Na decisão hoje consultada, os juízes desembargadores Jorge Langweg (relator) e Maria Sousa explicam que incorre no crime de ofensa a organismo, serviço ou pessoa coletiva “quem, sem ter fundamento para, em boa fé, os reputar verdadeiros, afirmar ou propalar factos inverídicos, capazes de ofender a credibilidade, o prestígio ou a confiança que sejam devidos a organismo ou serviço que exerçam autoridade pública, pessoa coletiva, instituição ou corporação”.
“Conforme bem anotou a recorrente na sua motivação de recurso, é precisamente esta a fragilidade da decisão instrutória, pois aquilo que é identificado no despacho de pronúncia como tendo sido publicado, de modo a ofender a credibilidade, o prestígio e a confiança do município, é que a arguida, através das publicações, lança a suspeita, dá a entender, que as alterações ao processo de licenciamento terão sido motivadas por razões diversas da prossecução estrita do interesse público, especialmente quando nessa mesma rede social e em comentário de outra pessoa a uma postagem, escreveu: ‘Não me parece que tenha sido incompetência.
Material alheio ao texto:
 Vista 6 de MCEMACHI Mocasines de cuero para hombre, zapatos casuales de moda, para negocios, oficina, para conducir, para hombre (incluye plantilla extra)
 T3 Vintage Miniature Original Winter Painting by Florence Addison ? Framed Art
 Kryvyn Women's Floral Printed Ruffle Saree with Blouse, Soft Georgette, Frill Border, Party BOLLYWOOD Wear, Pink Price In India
De forma alguma’ e ‘Money makes the world go round and round’ (o dinheiro faz o Mundo girar)”, diz o TRP.
Segundo a Relação do Porto “tais expressões concretas, que foram publicadas em comentário a publicação na rede social Facebook, constituem, expressa e respetivamente, um juízo pessoal (“Não me parece…”), a respeito de pareceres dados num processo camarário e o enunciado de uma expressão idiomática em língua inglesa”.
O TRP entende que, “inquestionavelmente, a emissão pública de tal juízo pessoal e expressão idiomática em comentário a uma postagem na rede social, onde a arguida referenciou de uma forma muito simplista diversos pareceres de um processo administrativo que estava pendente na câmara municipal de que é vereadora, é suscetível de ofender o bom nome do município do Porto”.
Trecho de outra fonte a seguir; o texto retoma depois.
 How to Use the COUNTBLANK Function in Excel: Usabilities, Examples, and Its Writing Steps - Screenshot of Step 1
“Mas a classificação dos pareceres como sendo contraditórios e a formulação de tais expressões não deixam de ser meras opiniões e juízos de valor emitidos pela arguida. Não se trata da propalação de factos inverídicos, mas apenas e tão-só de uma opinião — juízo de valor – indiciariamente desprovida de fundamento real. Os juízos de valor traduzem convicções subjetivas, que só responsabilizam quem os profere, enquanto os factos constituem realidades objetivas”, esclarecem os juízes desembargadores.
O acórdão acrescenta que, “se de tais publicações resultou prejuízo para o bom nome” do município, “tal não gera qualquer responsabilidade penal para a arguida, por força do princípio da legalidade e da tipicidade penal, pois a mesma não propalou facto inverídico, mas apenas e tão-somente, juízos de valor subjetivos a respeito de pareceres que existiram — tal como o próprio assistente (autarquia) admitiu, embora explicitando o seu devido contexto que, indiciariamente, afasta a existência de qualquer irregularidade do processo camarário a que dizem respeito tais pareceres”.
“Não tendo a arguida propalado factos inverídicos, mas apenas e tão-somente juízos de valor depreciativos e indiciariamente infundamentados, não se mostra preenchido o tipo legal de crime pelo qual a arguida foi, erradamente, pronunciada. O prejuízo porventura sofrido pelo assistente apenas poderá encontrar reparação noutros planos que não seja o penal, em decorrência do princípio da legalidade e da tipicidade penal”, sustenta a Relação do Porto.